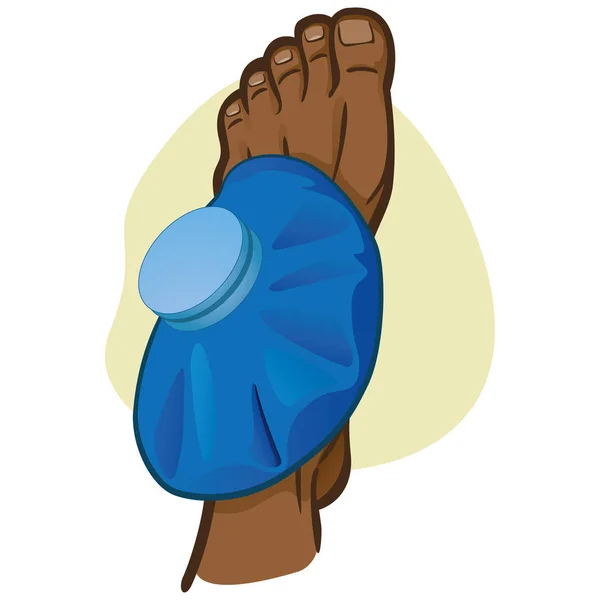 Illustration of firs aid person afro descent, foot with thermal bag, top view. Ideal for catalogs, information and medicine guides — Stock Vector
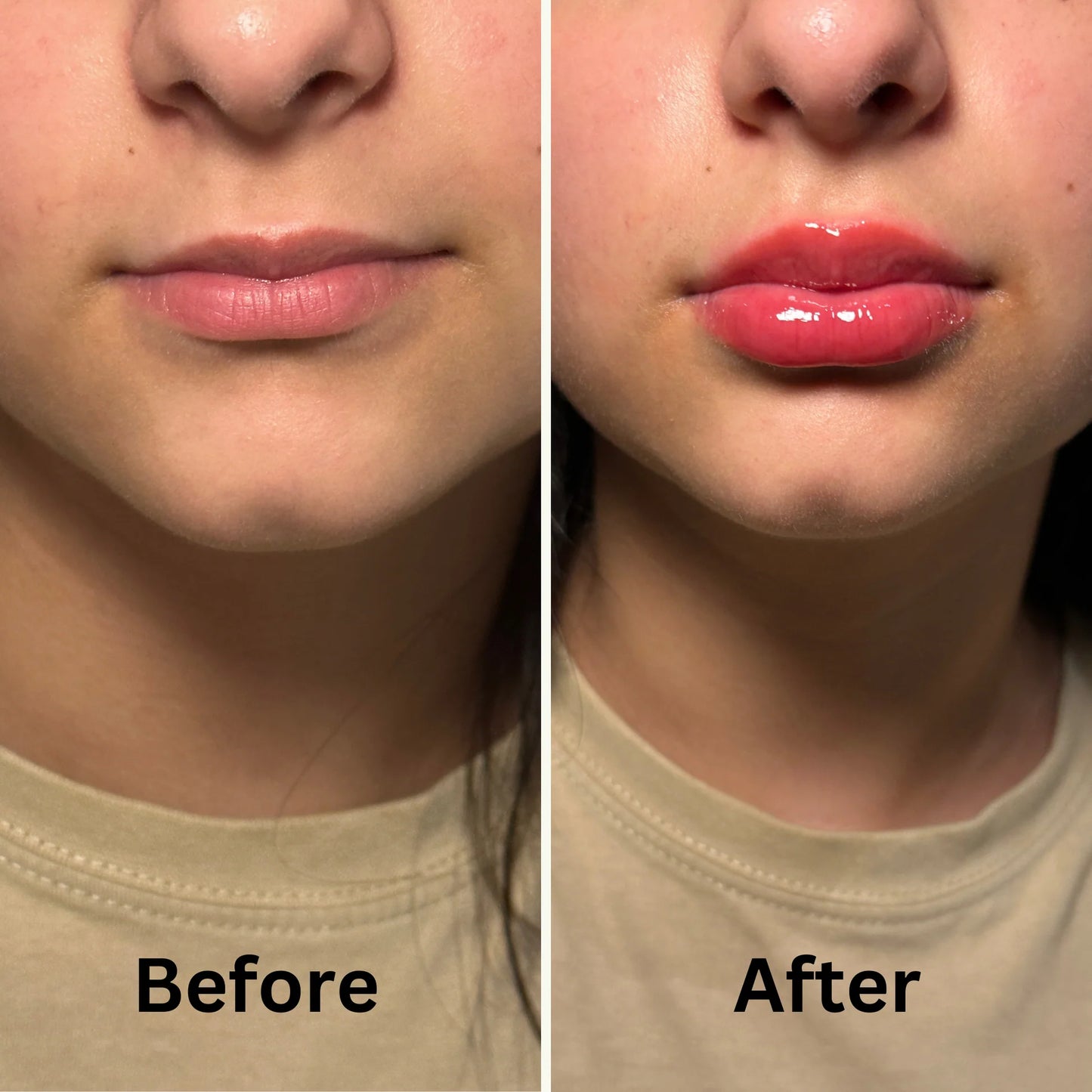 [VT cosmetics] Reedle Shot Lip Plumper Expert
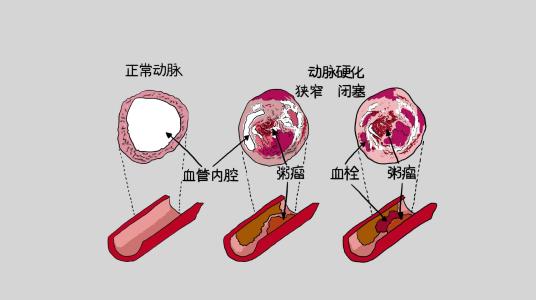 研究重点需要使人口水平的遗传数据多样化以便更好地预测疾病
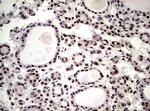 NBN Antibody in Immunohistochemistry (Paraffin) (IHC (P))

# TASK DETAILS
Restrict the output to the lines from the one with "[VT cosmetics] Reedle" through the last line of the material above. Print them exactly, leaving out every picture.

# SOLVED EXERCISE
 [VT cosmetics] Reedle Shot Lip Plumper Expert
 研究重点需要使人口水平的遗传数据多样化以便更好地预测疾病
 NBN Antibody in Immunohistochemistry (Paraffin) (IHC (P))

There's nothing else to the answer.